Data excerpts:

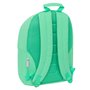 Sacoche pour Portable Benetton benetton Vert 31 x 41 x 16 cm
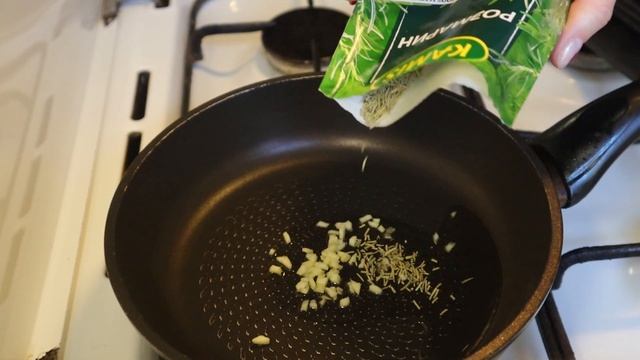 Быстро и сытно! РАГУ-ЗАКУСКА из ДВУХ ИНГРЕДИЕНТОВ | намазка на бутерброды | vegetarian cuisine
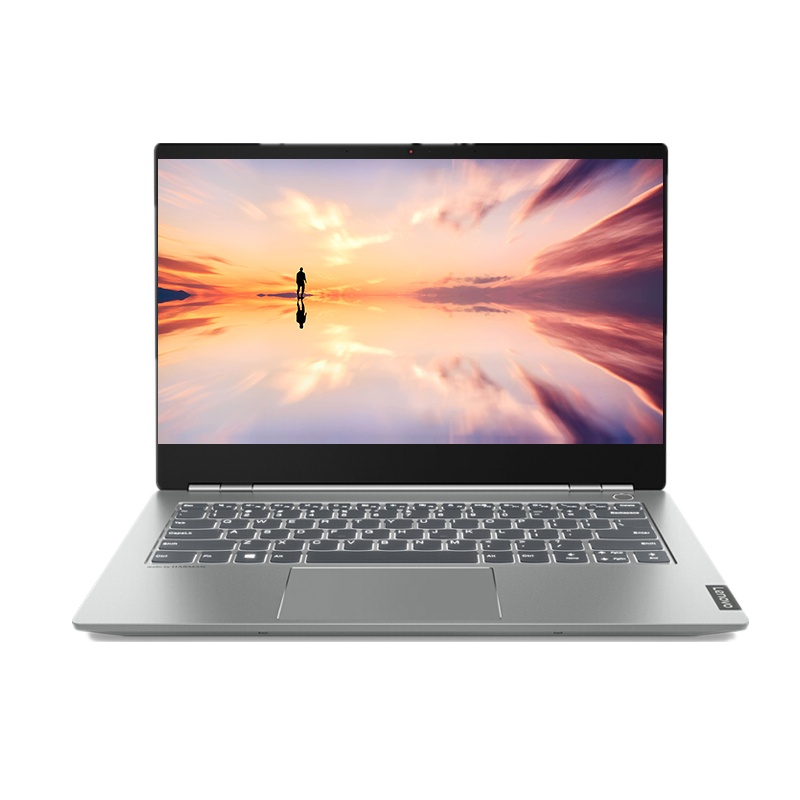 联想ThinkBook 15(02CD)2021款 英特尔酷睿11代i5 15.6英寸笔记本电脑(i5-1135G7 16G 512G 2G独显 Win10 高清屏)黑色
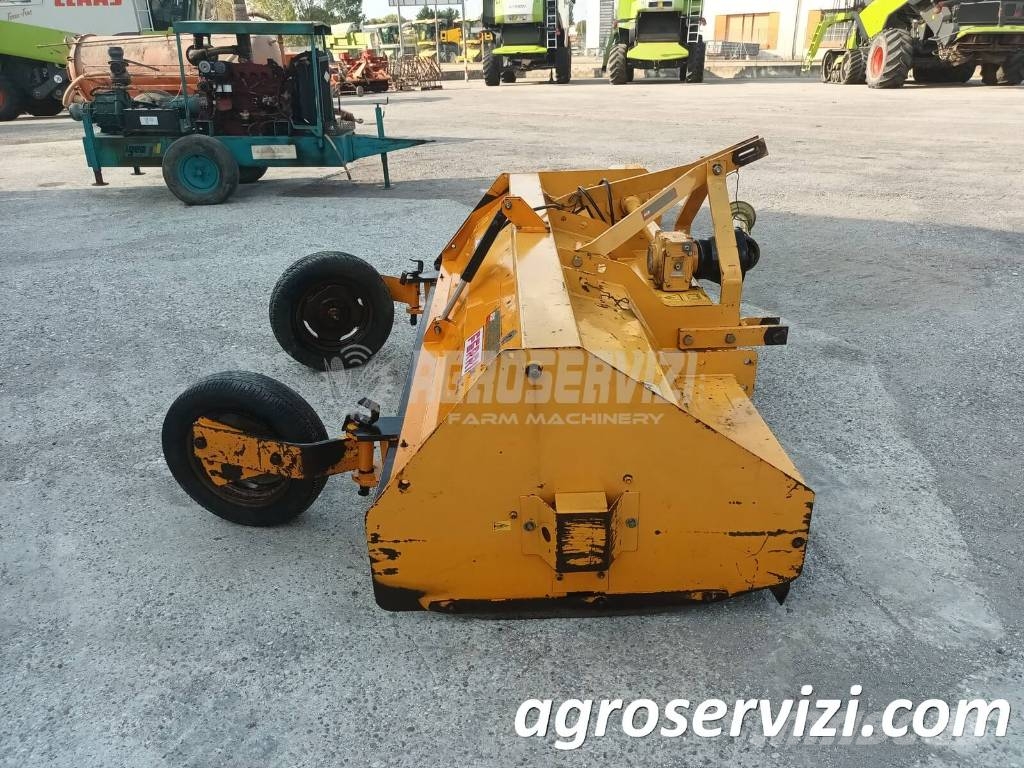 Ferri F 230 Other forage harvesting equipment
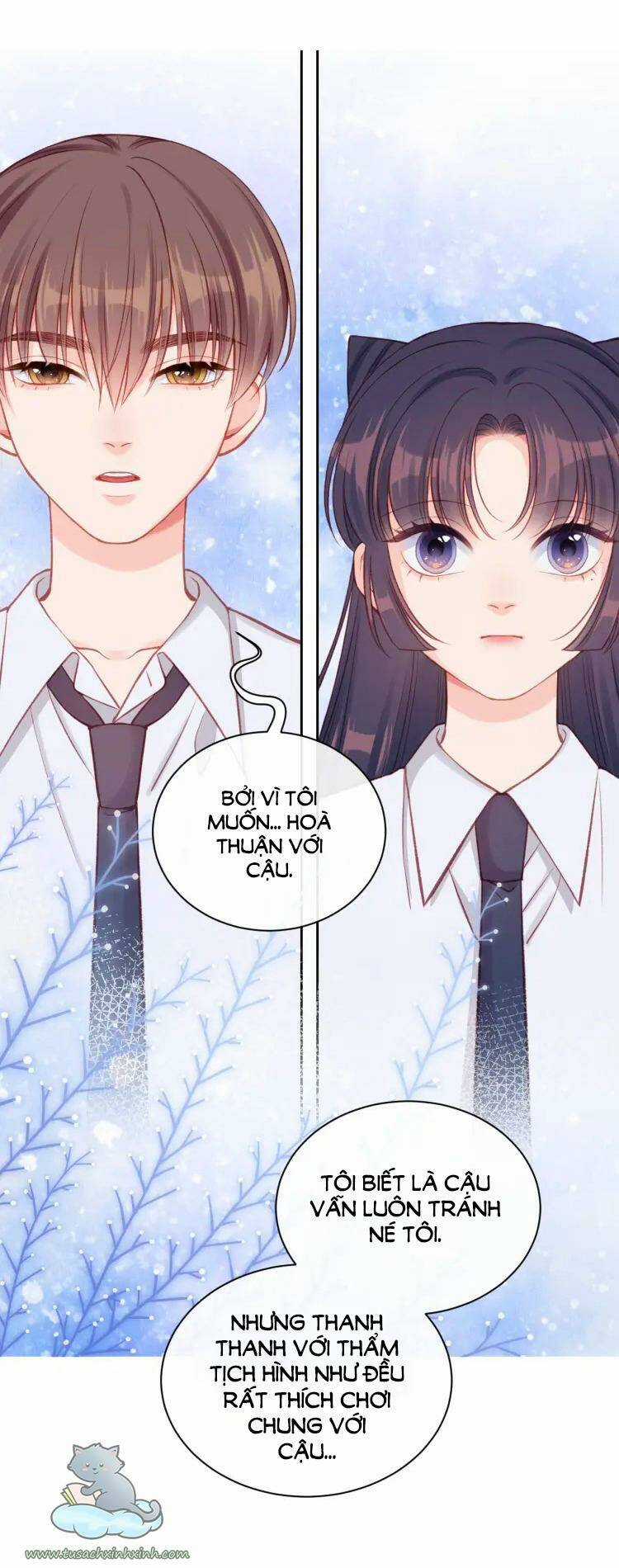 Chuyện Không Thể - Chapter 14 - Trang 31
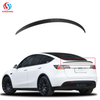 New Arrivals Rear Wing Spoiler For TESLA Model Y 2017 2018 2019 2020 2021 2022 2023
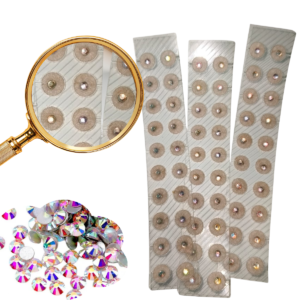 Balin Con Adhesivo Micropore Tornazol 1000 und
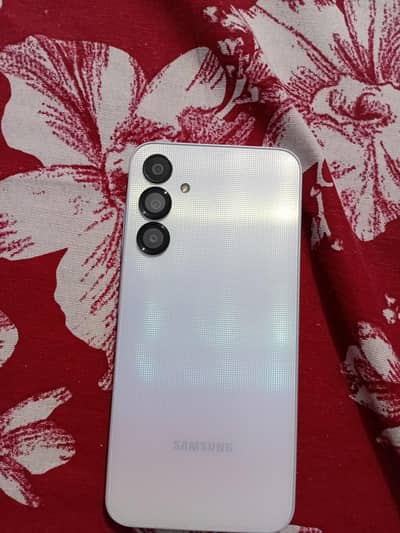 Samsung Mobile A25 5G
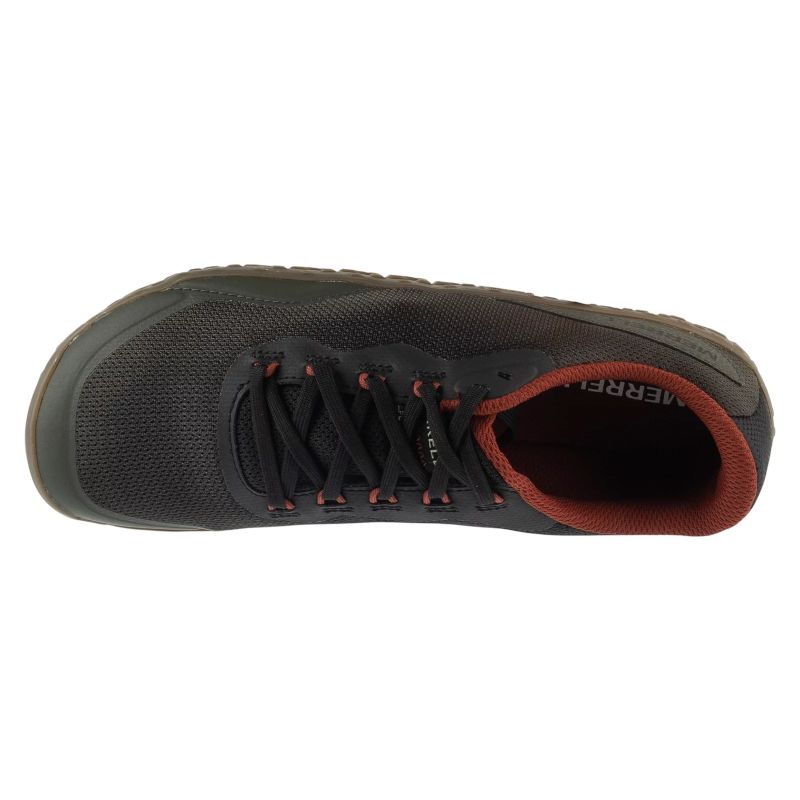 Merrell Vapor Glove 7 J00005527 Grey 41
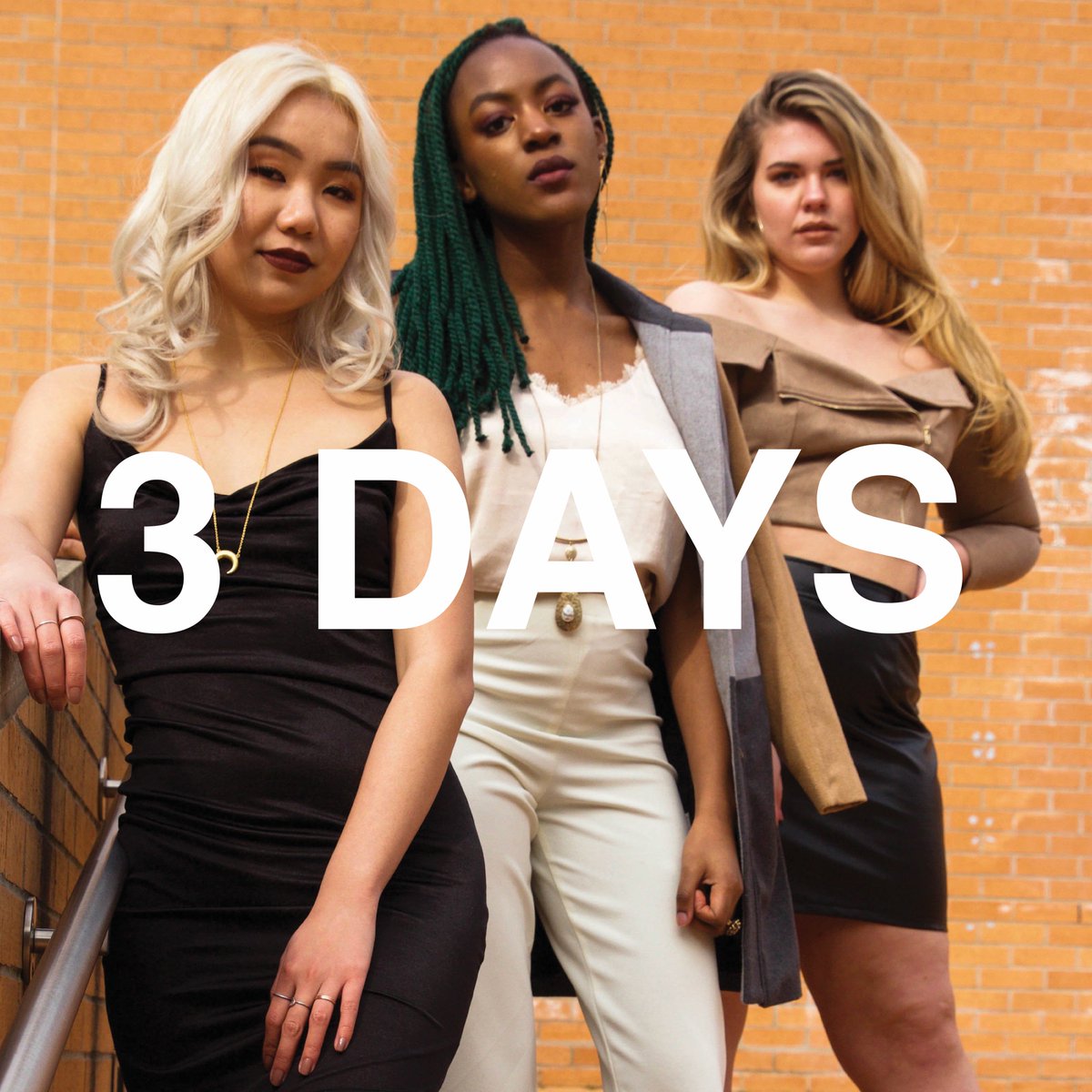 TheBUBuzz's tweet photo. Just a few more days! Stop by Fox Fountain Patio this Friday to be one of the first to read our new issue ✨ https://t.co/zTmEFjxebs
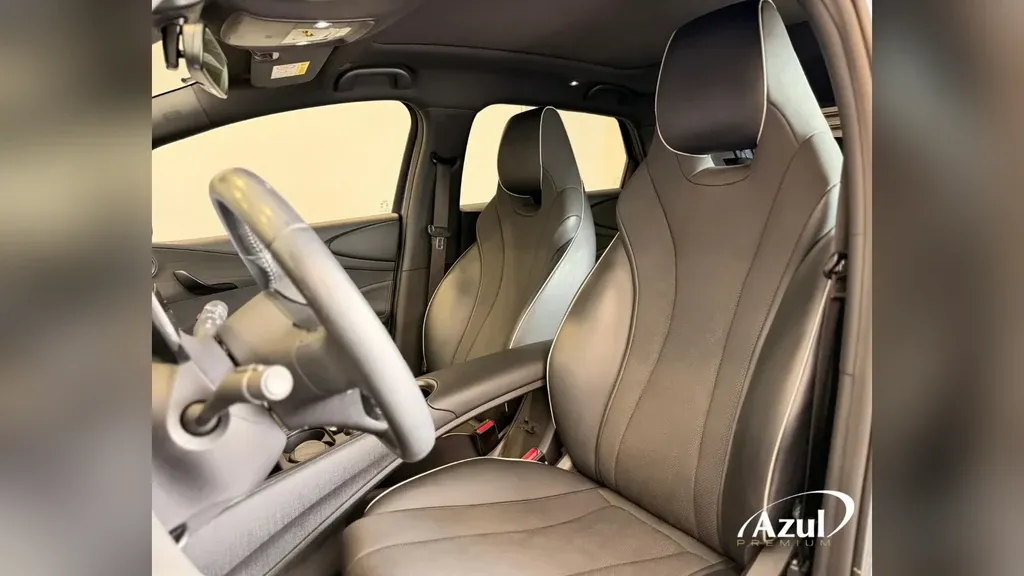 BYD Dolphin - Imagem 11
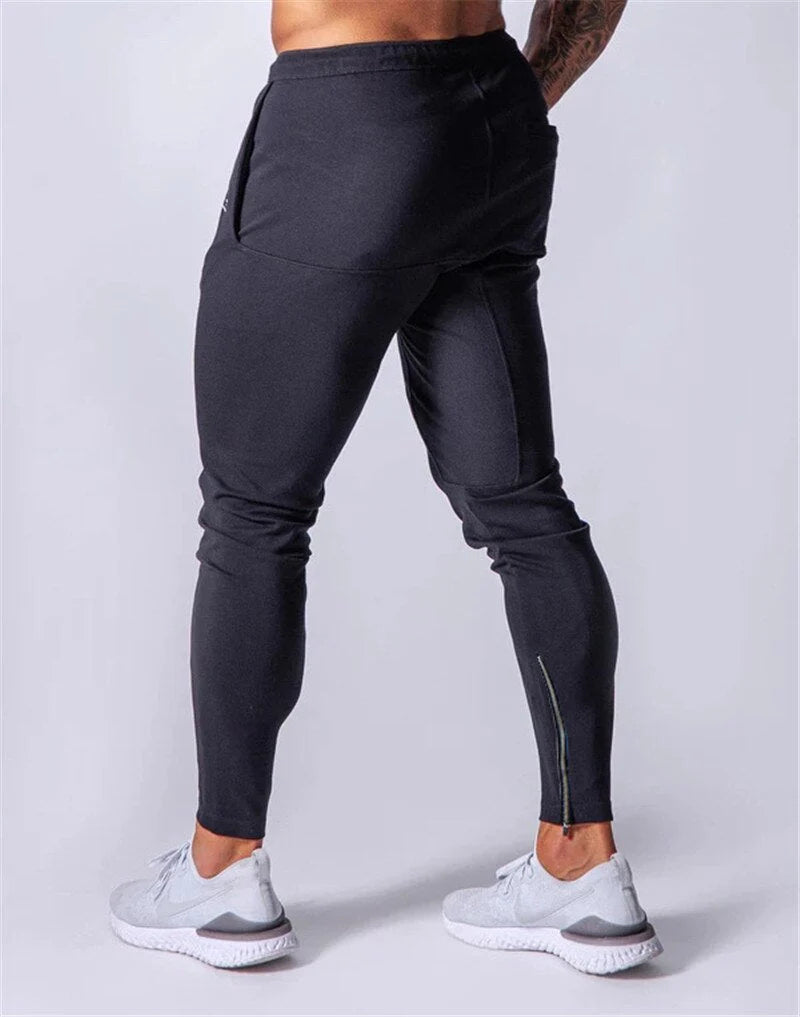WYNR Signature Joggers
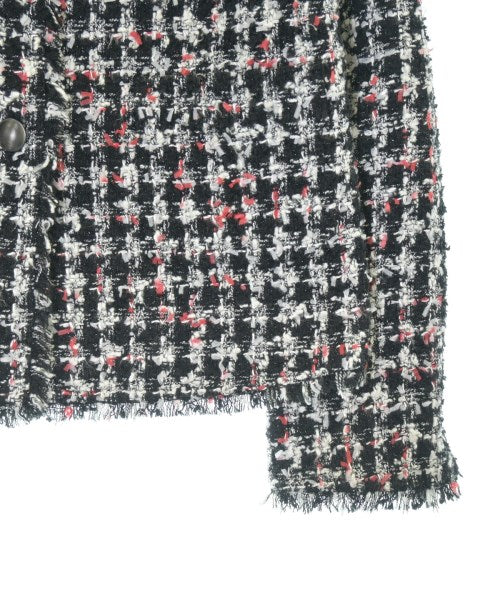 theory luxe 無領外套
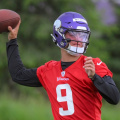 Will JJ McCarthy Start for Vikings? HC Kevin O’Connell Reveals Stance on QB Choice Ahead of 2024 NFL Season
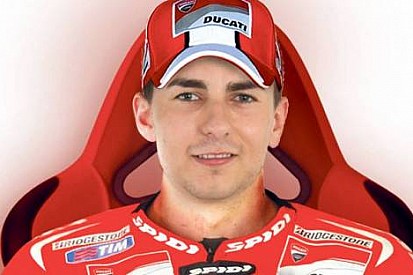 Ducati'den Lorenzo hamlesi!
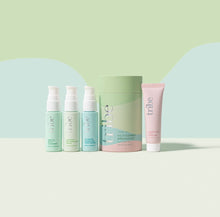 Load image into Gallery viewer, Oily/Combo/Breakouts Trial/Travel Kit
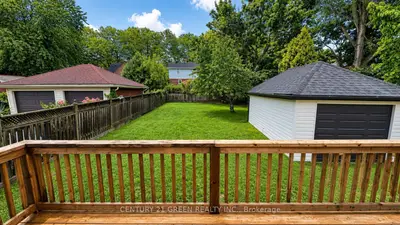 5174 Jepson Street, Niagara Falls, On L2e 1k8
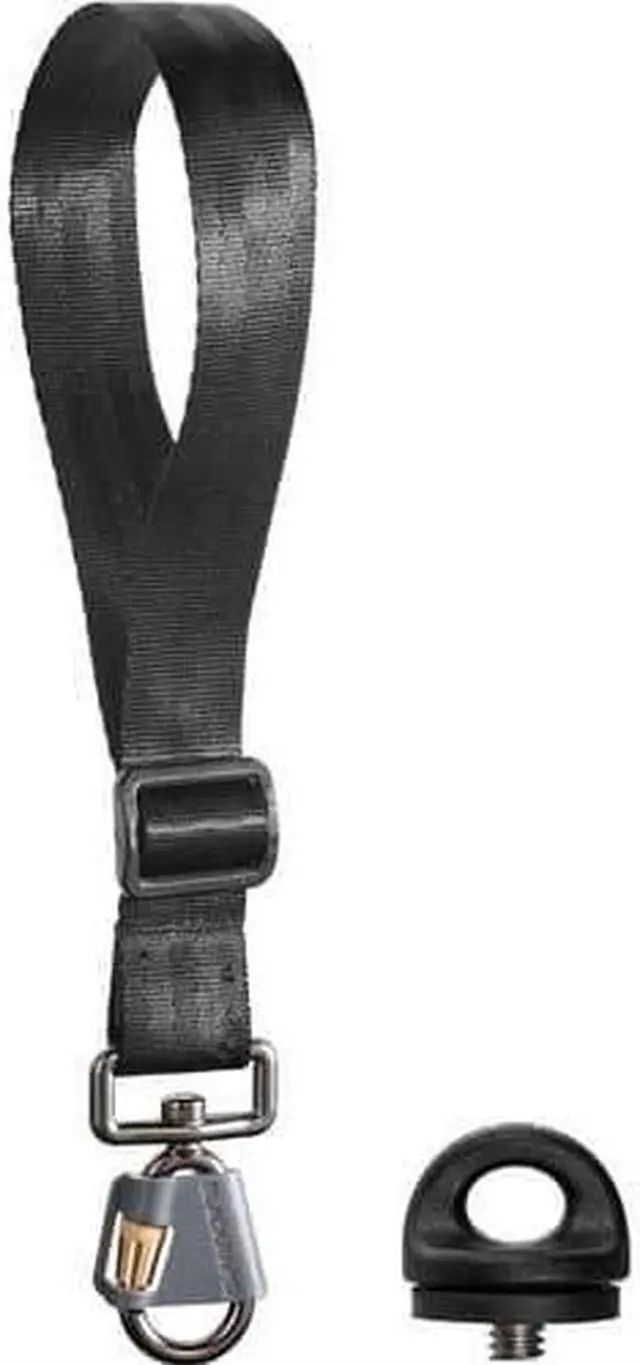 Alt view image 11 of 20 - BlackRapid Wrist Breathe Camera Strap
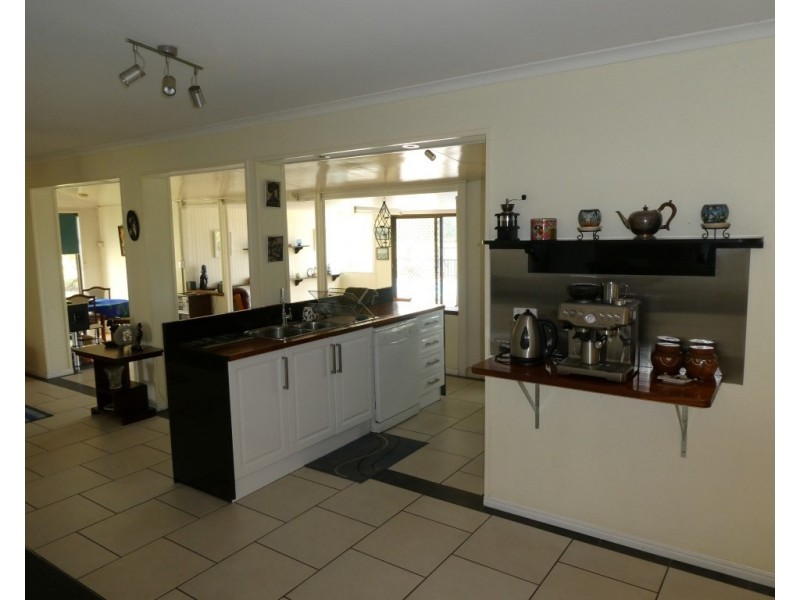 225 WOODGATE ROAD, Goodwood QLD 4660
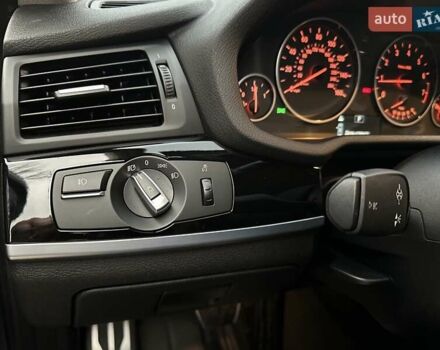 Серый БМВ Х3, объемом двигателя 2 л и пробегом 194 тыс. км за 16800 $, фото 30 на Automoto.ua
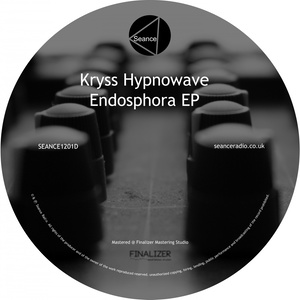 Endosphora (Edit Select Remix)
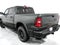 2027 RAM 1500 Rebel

Assigned task:
An exact copy is required of the lines from the start of the records above through the line with "Ferri F 230", and only those, without any pictures.

Output below:
 Sacoche pour Portable Benetton benetton Vert 31 x 41 x 16 cm
 Быстро и сытно! РАГУ-ЗАКУСКА из ДВУХ ИНГРЕДИЕНТОВ | намазка на бутерброды | vegetarian cuisine
 联想ThinkBook 15(02CD)2021款 英特尔酷睿11代i5 15.6英寸笔记本电脑(i5-1135G7 16G 512G 2G独显 Win10 高清屏)黑色
 Ferri F 230 Other forage harvesting equipment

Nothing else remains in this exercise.